From Native American to African cultures, weaving is a prominent art form all around the world. And with the unveiling of a huge woven artwork they helped create at Atholton Elementary School Friday, Columbia students have helped strengthen the ties that bind — and weave — us all together.
“Weaving is a part of nearly every culture,” said Atholton’s artist-in-residence, Nancy Charamella, who is a member of the Weavers Guild of Greater Baltimore. “It’s a part of these kids’ heritage. They are tied in to the world’s culture.”
Charamella’s residency and the resulting artwork was made possible through a grant from the Howard County Arts Council, Howard County government, the Maryland State Arts Council, Target and the Columbia Foundation. Charamella provided two table looms, and parents donated yarn for the project.
Throughout the course of three weeks in October, Charamella pulled third-, fourth- and fifth-grade students in two pairs out of Laurie Stewart’s art class to work on table looms. One student wove while the other treadled, and then they switched. The students got to pick the color and weave of their woven strips of yarn, and if they made a mistake, Charamella didn’t correct them — a mistake isn’t a mistake, she said, but a design element. And when it came to the colors, Charamella only asked them to “think about the colors weavers before you chose, and try to pick something different,” she said.
As a result of the students’ free reign, and the yarn donated by parents, the five-by-eight foot woven tapestry is a hodge-podge of designs and colors, including vibrant neon pink and earthy brown.

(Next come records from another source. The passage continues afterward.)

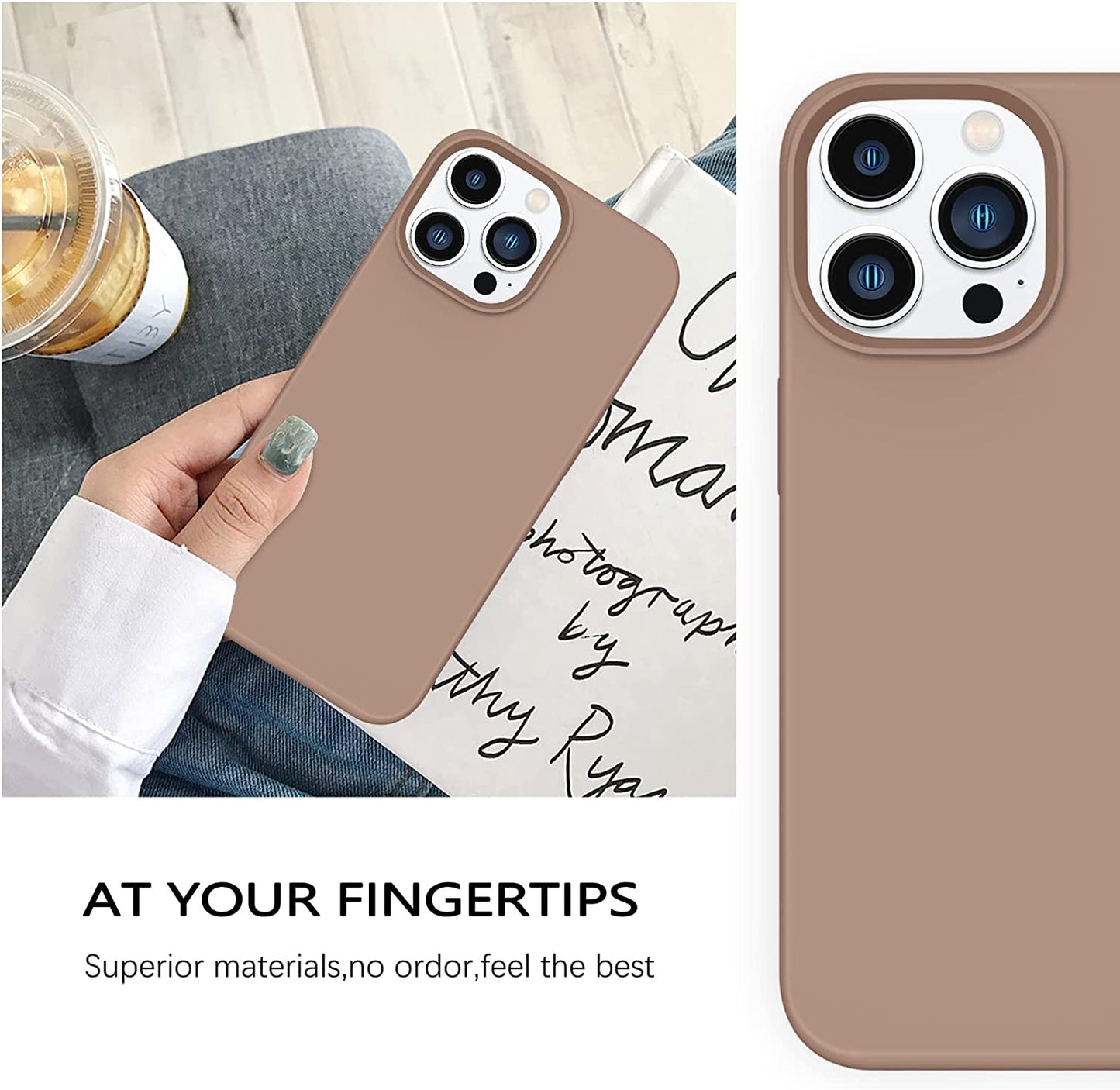 GUAGUA Compatible with Iphone 14 Pro Max Case 6.7 Inch Liquid Silicone Soft Gel Rubber Slim Microfiber Lining Cushion Texture Cover Shockproof Protective Case for Iphone 14 Pro Max, Brown  GUAGUA   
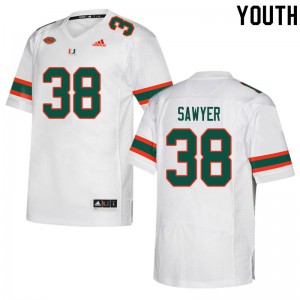 #38 Shane Sawyer Miami Youth NCAA Jerseys White
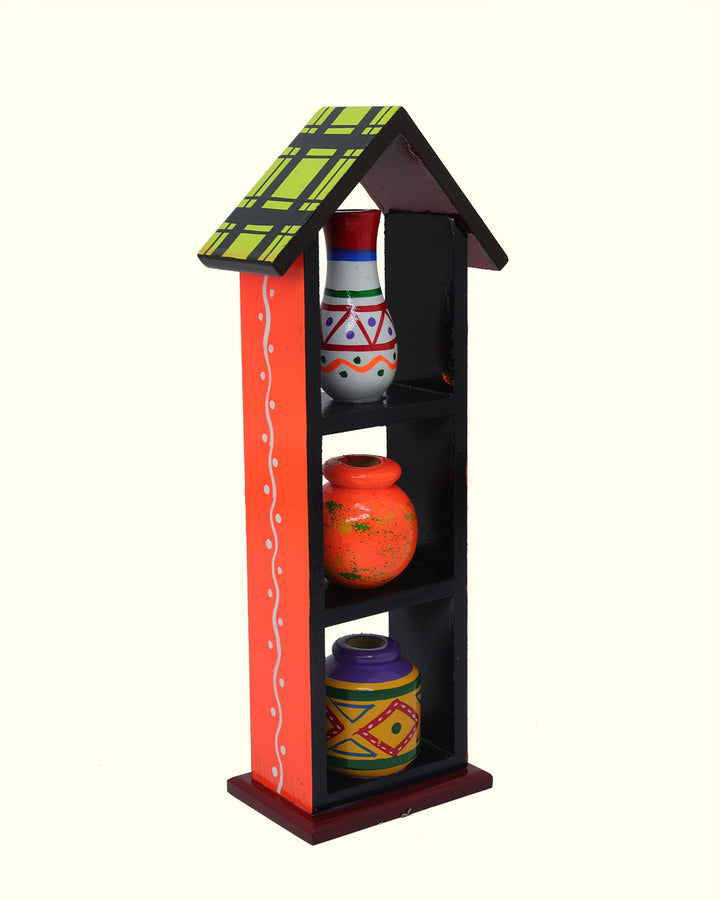 9.25" Wooden Pothouse for Golu Decoration (3 Pots)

In addition to the cultural element, Charamella said weaving also involves mechanics and math — lots of it.
“Patterns are a huge part of math and art,” she said. “The tie-in to the curriculum is so easy to make.”

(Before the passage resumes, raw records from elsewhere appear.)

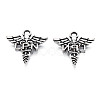 Tibetan Style Alloy LPN Caduceus Medical Symbol Charms TIBEP-N008-133-2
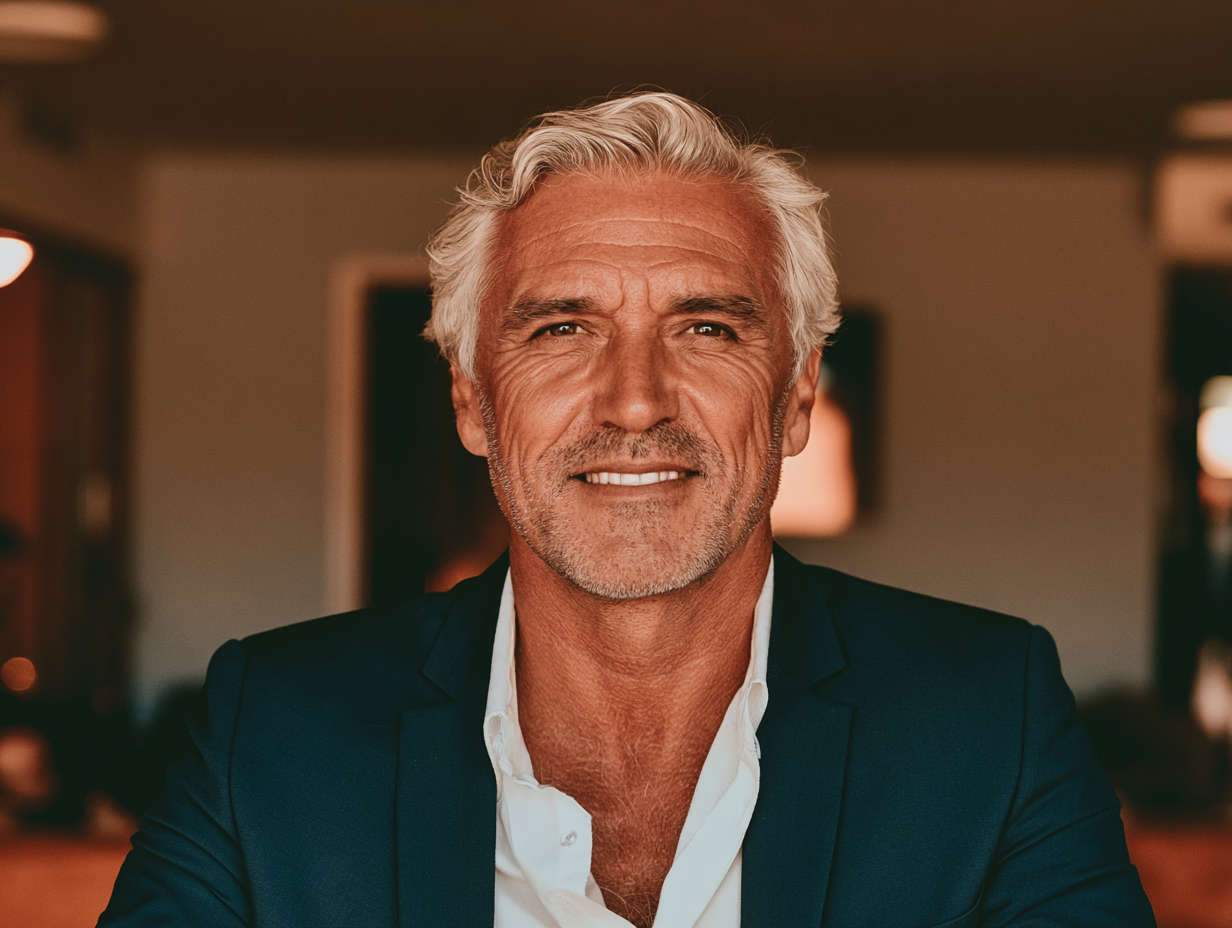 A confident mature man with gray hair, a light beard, smiling, wearing a dark suit jacket and white shirt.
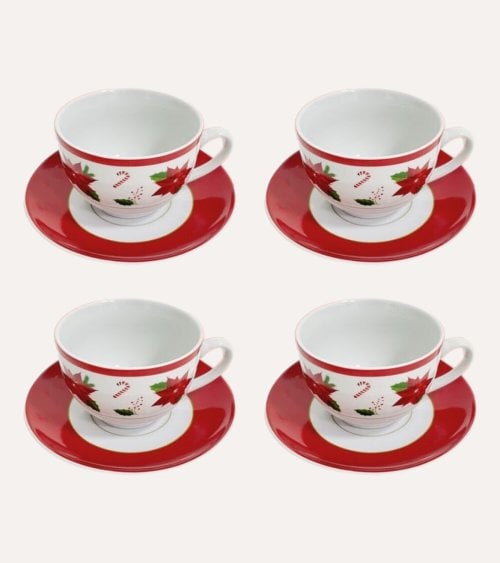 Set de 4 Tazas y Platos Flor de Navidad de Cerámica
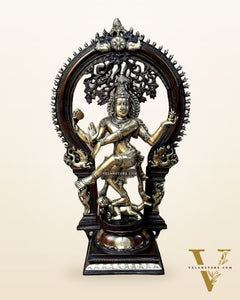 Majestic Pure Brass Large Nataraja Statue with a Unique Arch 28.5" dual tone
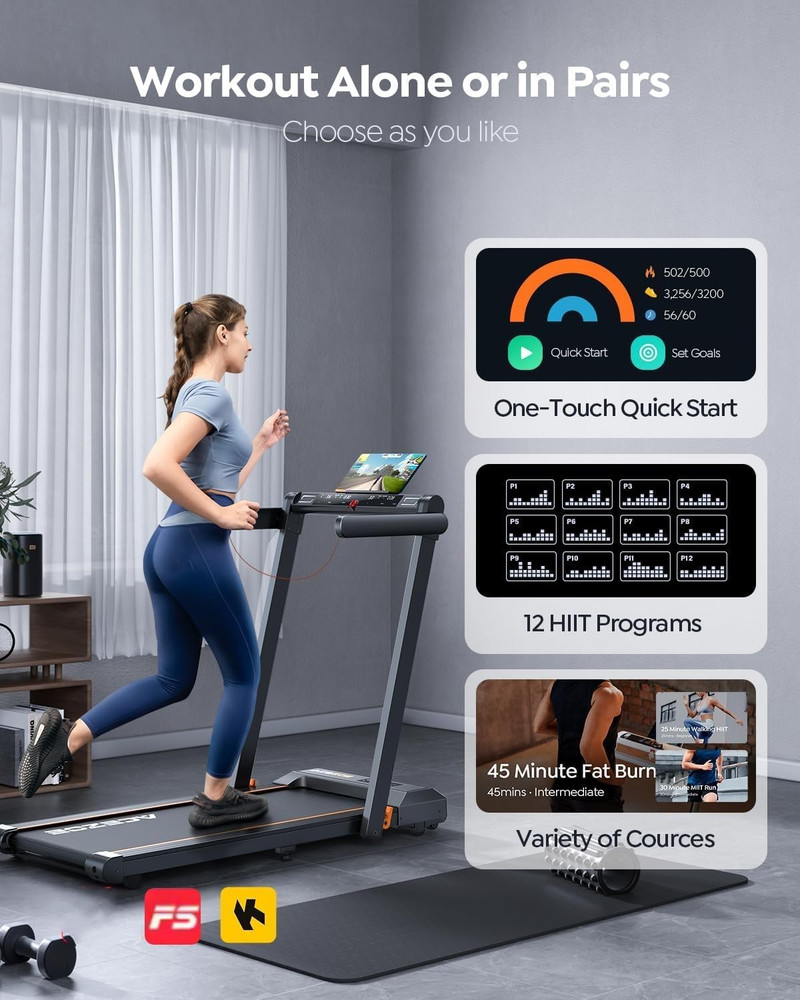 Compact 2-in-1 Folding Treadmill with Handle, 300Lbs Capacity, Smart Apps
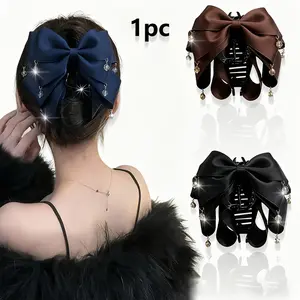 A New Style of 1pc Faux Crystal Pendant with Multi-Layer Fabric Bow, Acrylic Hair Claw for Women, Featuring a Vintage Elegant Tassel Pendant Bow for Updos, Large Shark Clip, Non-Slip Hair Clip, Suitable for Everyday And Festive Occasions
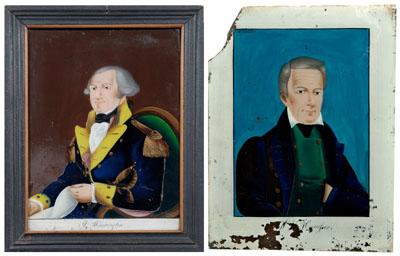 Appraisal: Pair folk art reverse-painted glass portraits George Washington in uniform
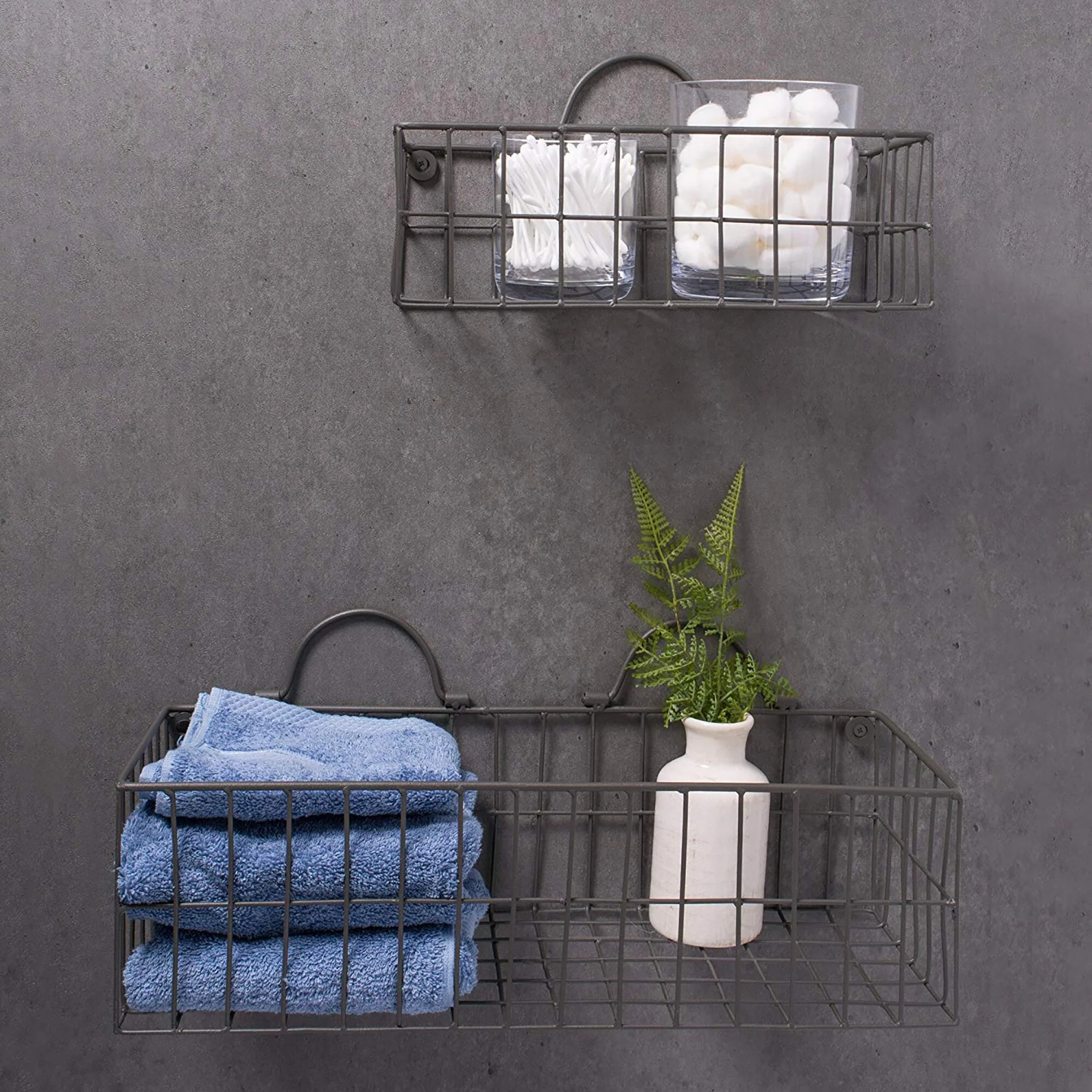DII Wire Wall Basket(Set of 2) Grey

Atholton Principal Denise Lancaster said that students might not always think of weaving — arguably something that surrounds them on a daily basis — as a fine art. But it is, and offering it at Atholton is way to provide balance programming in the school.
“We want children to experience different forms of art, and we have so many students who excel at this who might not excel in other areas of academics,” she said.

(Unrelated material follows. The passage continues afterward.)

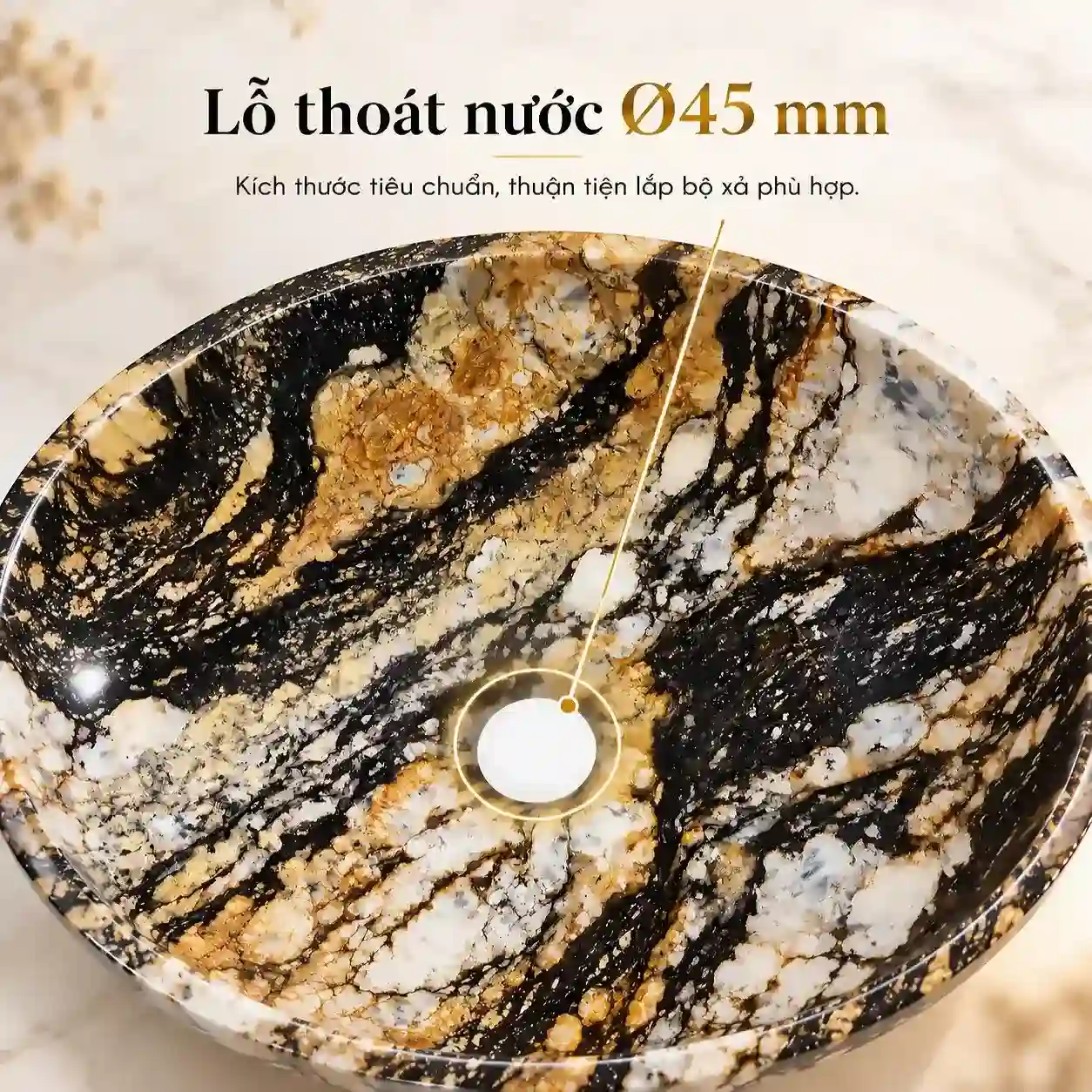 Lỗ thoát nước Ø45mm dưới đáy chậu lavabo đá cuội tròn Eurolife LVB-DTR4040 với lòng chậu đánh bóng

In the same way that weaving connects the students to a larger, world culture, so too did Charamella connect the individual pieces — 12 yards worth of weaving by the end of the residency — into the larger artwork.
And students were looking for their pieces at the unveiling. Fourth-grader Essie Brocolino pointed proudly to a narrow strip of pink toward the bottom of the piece. Her friend, Laura Keister, said after learning more about weaving at school, she was learning how to arm-weave.
Annemarie Habiger, an Atholton parent, said Charamella’s residency opened up a whole new world for her family.
“We didn’t know anything about textiles, really,” she said. “Now the kids are talking about at home and we ask them, well, what do you think this fabric is? Is it woven, knitted? It was a great project, and clearly the kids got into it.”
In Stewart’s class, as Charamella worked with small groups at a time, other students wove on pieces of cardboard, creating little pouches or headbands and wristbands, some of which are also on display in Atholton’s hallways. Students pointed out their work in that display to their parents as well Friday night.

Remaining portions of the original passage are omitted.